◆ Task to carry out: In the data below, find each line that contains the word "summer" and copy it.

START Data listing

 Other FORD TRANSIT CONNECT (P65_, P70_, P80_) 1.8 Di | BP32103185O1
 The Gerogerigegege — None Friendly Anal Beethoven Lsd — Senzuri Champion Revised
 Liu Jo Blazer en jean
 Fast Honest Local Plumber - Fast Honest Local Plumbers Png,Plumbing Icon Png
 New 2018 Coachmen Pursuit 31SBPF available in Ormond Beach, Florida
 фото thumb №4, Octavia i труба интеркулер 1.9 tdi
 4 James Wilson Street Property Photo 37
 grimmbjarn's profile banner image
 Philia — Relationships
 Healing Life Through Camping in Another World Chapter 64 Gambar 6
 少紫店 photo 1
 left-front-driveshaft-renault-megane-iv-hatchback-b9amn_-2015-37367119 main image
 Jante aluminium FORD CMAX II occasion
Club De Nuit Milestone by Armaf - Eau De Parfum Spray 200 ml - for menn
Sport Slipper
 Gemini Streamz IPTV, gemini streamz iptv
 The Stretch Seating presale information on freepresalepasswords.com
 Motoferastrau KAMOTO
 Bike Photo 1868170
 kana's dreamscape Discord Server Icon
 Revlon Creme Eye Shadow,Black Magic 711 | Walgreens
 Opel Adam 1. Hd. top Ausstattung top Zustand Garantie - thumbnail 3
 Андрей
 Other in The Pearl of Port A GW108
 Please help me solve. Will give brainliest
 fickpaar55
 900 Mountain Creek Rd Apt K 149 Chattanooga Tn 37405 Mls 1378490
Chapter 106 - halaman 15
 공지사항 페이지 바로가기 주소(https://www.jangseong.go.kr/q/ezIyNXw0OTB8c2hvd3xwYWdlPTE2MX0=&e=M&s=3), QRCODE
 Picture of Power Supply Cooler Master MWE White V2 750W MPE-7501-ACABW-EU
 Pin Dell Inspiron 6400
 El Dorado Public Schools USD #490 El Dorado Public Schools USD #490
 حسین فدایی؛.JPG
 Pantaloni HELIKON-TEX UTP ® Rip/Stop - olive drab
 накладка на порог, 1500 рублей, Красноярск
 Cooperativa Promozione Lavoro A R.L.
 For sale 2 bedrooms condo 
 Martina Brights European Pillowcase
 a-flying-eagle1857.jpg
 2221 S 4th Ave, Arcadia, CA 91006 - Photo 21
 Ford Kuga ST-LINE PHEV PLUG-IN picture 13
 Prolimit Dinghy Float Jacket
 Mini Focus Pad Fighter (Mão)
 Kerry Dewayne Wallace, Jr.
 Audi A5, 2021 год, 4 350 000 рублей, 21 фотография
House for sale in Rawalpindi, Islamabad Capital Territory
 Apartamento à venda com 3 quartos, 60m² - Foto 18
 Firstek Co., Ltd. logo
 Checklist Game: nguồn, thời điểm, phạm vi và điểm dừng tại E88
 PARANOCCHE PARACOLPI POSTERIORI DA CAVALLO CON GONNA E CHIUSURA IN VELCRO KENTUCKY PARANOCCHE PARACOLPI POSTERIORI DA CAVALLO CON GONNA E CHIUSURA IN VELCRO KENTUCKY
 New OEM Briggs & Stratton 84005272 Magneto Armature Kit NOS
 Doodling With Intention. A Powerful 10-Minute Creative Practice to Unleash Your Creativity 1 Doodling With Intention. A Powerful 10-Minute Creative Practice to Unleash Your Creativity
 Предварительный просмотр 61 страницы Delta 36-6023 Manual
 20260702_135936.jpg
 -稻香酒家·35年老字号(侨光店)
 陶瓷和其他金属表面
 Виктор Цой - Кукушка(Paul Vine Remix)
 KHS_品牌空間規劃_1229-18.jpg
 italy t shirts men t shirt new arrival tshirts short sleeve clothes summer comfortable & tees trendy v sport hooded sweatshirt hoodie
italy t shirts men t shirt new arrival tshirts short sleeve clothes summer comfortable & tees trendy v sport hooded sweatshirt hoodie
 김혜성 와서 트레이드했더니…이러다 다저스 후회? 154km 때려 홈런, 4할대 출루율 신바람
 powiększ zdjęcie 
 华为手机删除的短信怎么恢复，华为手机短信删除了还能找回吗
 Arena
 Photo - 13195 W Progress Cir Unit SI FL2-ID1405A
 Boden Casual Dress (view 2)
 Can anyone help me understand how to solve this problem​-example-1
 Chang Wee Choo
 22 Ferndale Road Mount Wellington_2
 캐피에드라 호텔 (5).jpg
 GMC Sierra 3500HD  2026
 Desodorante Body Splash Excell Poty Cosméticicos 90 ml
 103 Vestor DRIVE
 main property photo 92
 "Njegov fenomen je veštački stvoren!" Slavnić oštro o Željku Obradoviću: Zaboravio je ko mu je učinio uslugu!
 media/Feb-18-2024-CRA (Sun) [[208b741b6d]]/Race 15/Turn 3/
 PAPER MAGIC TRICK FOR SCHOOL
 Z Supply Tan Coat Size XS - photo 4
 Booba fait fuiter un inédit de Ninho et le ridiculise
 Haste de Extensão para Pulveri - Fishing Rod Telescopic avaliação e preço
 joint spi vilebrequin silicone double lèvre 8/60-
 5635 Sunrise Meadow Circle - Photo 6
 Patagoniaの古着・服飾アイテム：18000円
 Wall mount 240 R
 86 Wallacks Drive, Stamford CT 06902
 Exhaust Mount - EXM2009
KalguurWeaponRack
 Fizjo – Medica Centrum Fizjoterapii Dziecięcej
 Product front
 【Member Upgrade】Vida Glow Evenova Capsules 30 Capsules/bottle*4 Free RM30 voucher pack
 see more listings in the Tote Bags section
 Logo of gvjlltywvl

END Data listing

◆ Result of this task:
 italy t shirts men t shirt new arrival tshirts short sleeve clothes summer comfortable & tees trendy v sport hooded sweatshirt hoodie
italy t shirts men t shirt new arrival tshirts short sleeve clothes summer comfortable & tees trendy v sport hooded sweatshirt hoodie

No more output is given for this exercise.